→ **Supplied information**
┏━━
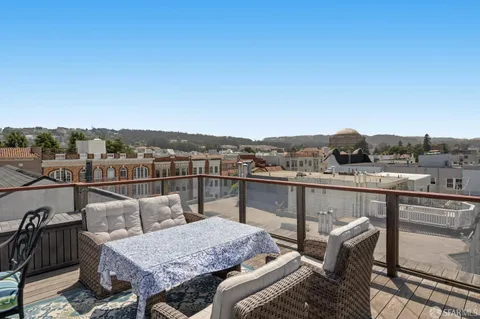 $4,495,000 | 1934 Jefferson Street, San Francisco, CA 94123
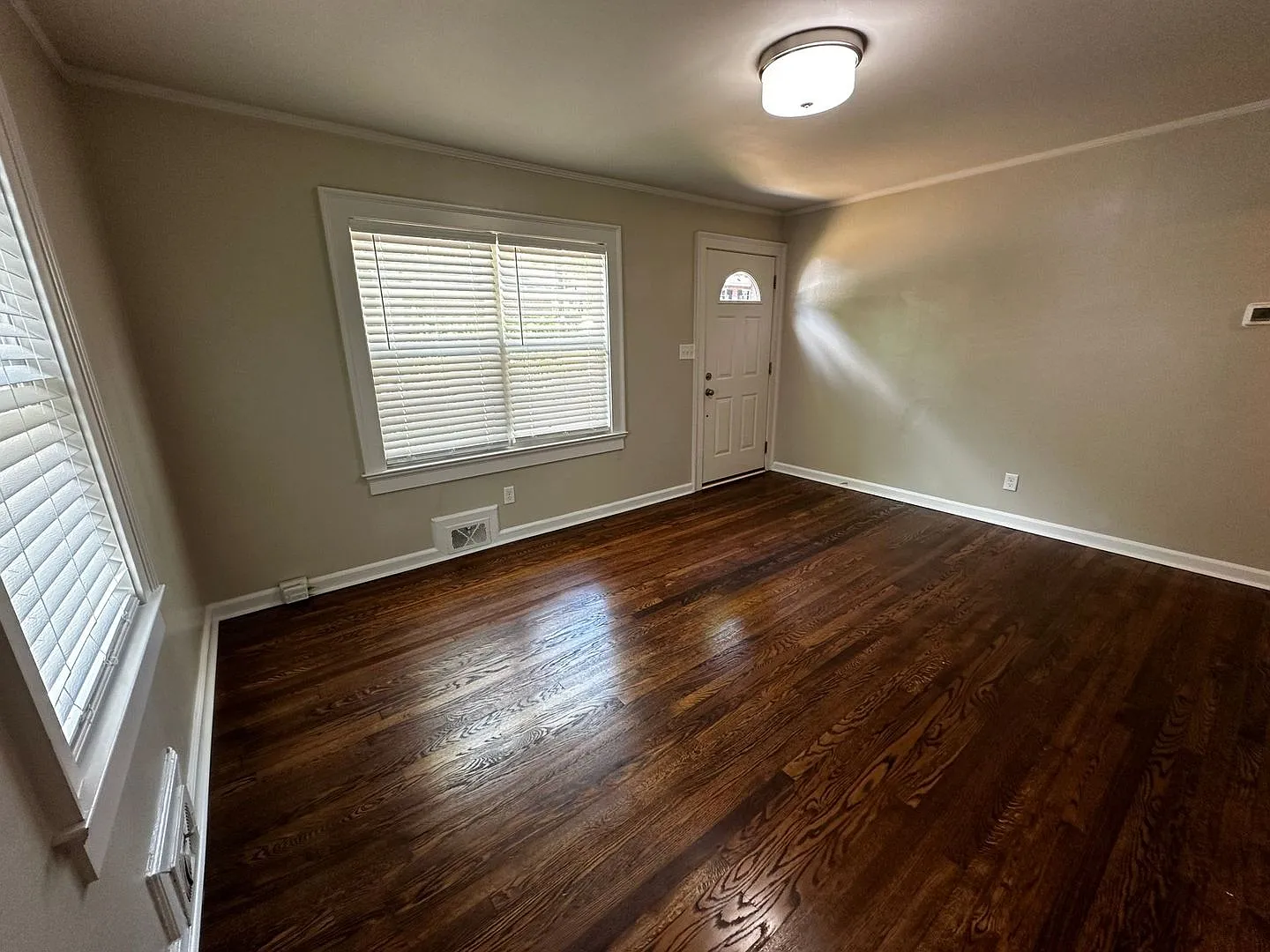Pre-Leasing For August 9th 2027! — Photo 3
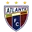 Escudo Atlante
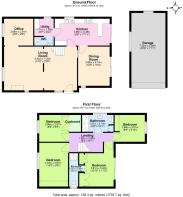 Braeside - all floors.JPG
┗━━
Please write out the lines above exactly, from the one that contains "Pre-Leasing For August 9th 2027! — Photo 3" through the final line, and include none of the pictures.

→ **Output**
Pre-Leasing For August 9th 2027! — Photo 3
 Escudo Atlante
 Braeside - all floors.JPG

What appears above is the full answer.